Patent Application
20240151648
Exemplary embodiments of the present invention relate to a diagnosis system using fluorescence information and acidity information and a diagnosis method using the same. More particularly, exemplary embodiments of the present invention relate to a diagnosis system using fluorescence information and acidity information and a diagnosis method using the same capable of performing diagnosis such as cancer diagnosis, by obtaining acidity information based on measured fluorescence information, based on a correlation between the fluorescence information and the acidity information.
As the occurrence of cancer diseases increases, various cancer diagnosis technologies are being developed. In particular, recently, interest in technologies for diagnosing cancer non-invasively or using minimally invasive surgery is increasing.
In particular, in the case of non-invasive methods or minimally invasive surgeries, the quality of life after diagnosis or treatment can be improved and complications can be minimized, so the demand for related technologies is increasing. However, cancer diagnosis technology using this method has limitations in that the accuracy of diagnosis is not high.
For example, Korea Patent No. 10-1467482 discloses a cancer diagnosis technology using breathing gas as a non-invasive method, but in the case of cancer diagnosis using breathing gas, the accuracy of diagnosis is not high, so it is rarely used in practice. Accordingly, there is a need for the development of cancer diagnosis technology that can accurately diagnose each type of cancer, have high diagnostic accuracy, and relatively improve patient convenience.
As explained above, the related prior art is Korean Patent No. 10-1467482.
Exemplary embodiments of the present invention provide a diagnosis system using fluorescence information and acidity information, capable of performing diagnosis such as cancer diagnosis, by obtaining acidity information based on measured fluorescence information, based on a correlation between the fluorescence information and the acidity information.
Exemplary embodiments of the present invention also provide a diagnosis method using the diagnosis system.
According to one aspect of the present invention, the diagnosis system includes a fluorescence information obtainment part, an acidity information obtainment part, a derivation part, an acidity information calculation part and a diagnostic part. The fluorescence information obtainment part is configured to obtain fluorescence information from a sample and a specimen subject to diagnosis. The acidity information obtainment part is configured to obtain acidity information from the sample. The derivation part is configured to derive a correlation between the fluorescence information and the acidity information. The acidity information calculation part is configured to calculate acidity information of the specimen based on the fluorescence information obtained from the specimen, using the correlation. The diagnostic part is configured to perform cancer diagnosis on the specimen based on the fluorescence information obtained from the specimen and the calculated acidity information.

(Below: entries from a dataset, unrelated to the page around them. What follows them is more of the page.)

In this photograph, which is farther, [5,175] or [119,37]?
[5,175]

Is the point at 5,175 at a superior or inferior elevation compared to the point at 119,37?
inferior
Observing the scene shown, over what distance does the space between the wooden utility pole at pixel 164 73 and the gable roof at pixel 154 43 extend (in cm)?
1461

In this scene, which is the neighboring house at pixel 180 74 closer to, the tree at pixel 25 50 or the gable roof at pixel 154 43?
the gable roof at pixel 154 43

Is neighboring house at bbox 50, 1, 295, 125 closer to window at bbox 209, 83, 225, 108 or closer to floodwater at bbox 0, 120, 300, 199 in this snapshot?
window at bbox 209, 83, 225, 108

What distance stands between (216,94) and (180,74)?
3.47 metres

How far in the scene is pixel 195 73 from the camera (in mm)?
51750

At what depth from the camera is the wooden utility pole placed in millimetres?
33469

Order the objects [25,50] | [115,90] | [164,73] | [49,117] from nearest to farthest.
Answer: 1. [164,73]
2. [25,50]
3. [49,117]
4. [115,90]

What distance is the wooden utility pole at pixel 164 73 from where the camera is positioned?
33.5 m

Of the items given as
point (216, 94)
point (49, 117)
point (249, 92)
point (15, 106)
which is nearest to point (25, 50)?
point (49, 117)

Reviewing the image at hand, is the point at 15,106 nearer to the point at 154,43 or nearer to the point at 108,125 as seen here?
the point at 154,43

In an exemplary embodiment, the diagnosis system may further include a storage part configured to store the correlation derived from the derivation part.
In an exemplary embodiment, the fluorescence information may include fluorescence intensity information and fluorescence lifetime information.

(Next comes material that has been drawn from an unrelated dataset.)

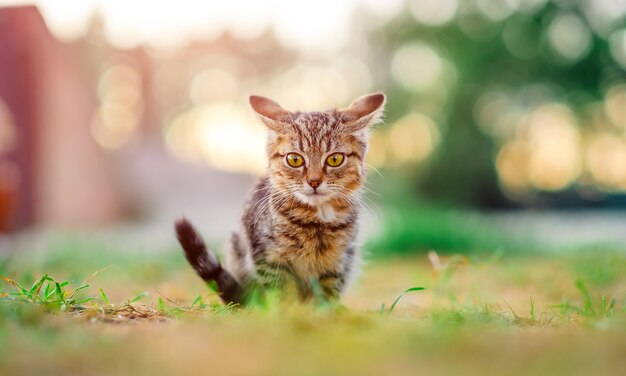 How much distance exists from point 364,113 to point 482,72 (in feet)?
24.7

In an exemplary embodiment, the fluorescence lifetime information may be obtained by directly measuring a fluorescence lifetime from a detected light, using a digitizer which samples a frequency over a gigabyte.

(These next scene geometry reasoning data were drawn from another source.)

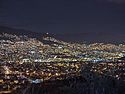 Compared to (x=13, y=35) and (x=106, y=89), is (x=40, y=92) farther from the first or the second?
(x=13, y=35)

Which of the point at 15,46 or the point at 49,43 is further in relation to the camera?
the point at 49,43

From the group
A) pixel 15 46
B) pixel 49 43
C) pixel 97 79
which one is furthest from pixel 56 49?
pixel 97 79

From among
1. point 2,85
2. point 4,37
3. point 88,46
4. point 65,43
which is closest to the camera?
point 2,85

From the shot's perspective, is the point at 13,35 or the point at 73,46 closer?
the point at 13,35

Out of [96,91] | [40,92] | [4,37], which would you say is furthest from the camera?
[4,37]

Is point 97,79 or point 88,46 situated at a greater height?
point 88,46

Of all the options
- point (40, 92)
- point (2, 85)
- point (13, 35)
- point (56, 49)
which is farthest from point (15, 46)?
point (40, 92)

In an exemplary embodiment, the derivation part may be configured to derive the correlation between the fluorescence lifetime information among the fluorescence information and the acidity information. The acidity information calculating part may be configured to calculate the acidity information of the specimen based on the fluorescence lifetime information among the fluorescence information obtained from the specimen.
In an exemplary embodiment, the diagnostic part may be configured to perform cancer diagnosis on the specimen based on the fluorescence intensity information and the acidity information.
In an exemplary embodiment, the fluorescence information obtainment part may be a confocal scanning system using a pulse laser. The acidity information obtainment part may be configured to obtain acidity information on the sample, based on the correlation between acidity of fluorescent contrast agent and the fluorescence information.
In an exemplary embodiment, the sample may be cancer cells of each type that are the target of diagnosis. The derivation part may be configured to derive the correlation between the fluorescence information for each type cancer cell and the acidity information.
In an exemplary embodiment, the acidity information calculation part may be configured to calculate the acidity information of the specimen, using the correlation on the cancel cell corresponding to the specimen among the derived correlation from the derivation part.
According to another aspect of the present invention, in the diagnosis method, information on a correlation between fluorescence information and acidity information is stored. The fluorescence information is obtained from a specimen subject to diagnosis. The acidity information of the specimen is calculated based on the fluorescence information obtained from the specimen, using the correlation. Cancer diagnosis on the specimen is performed based on the fluorescence information obtained from the specimen and the calculated acidity information.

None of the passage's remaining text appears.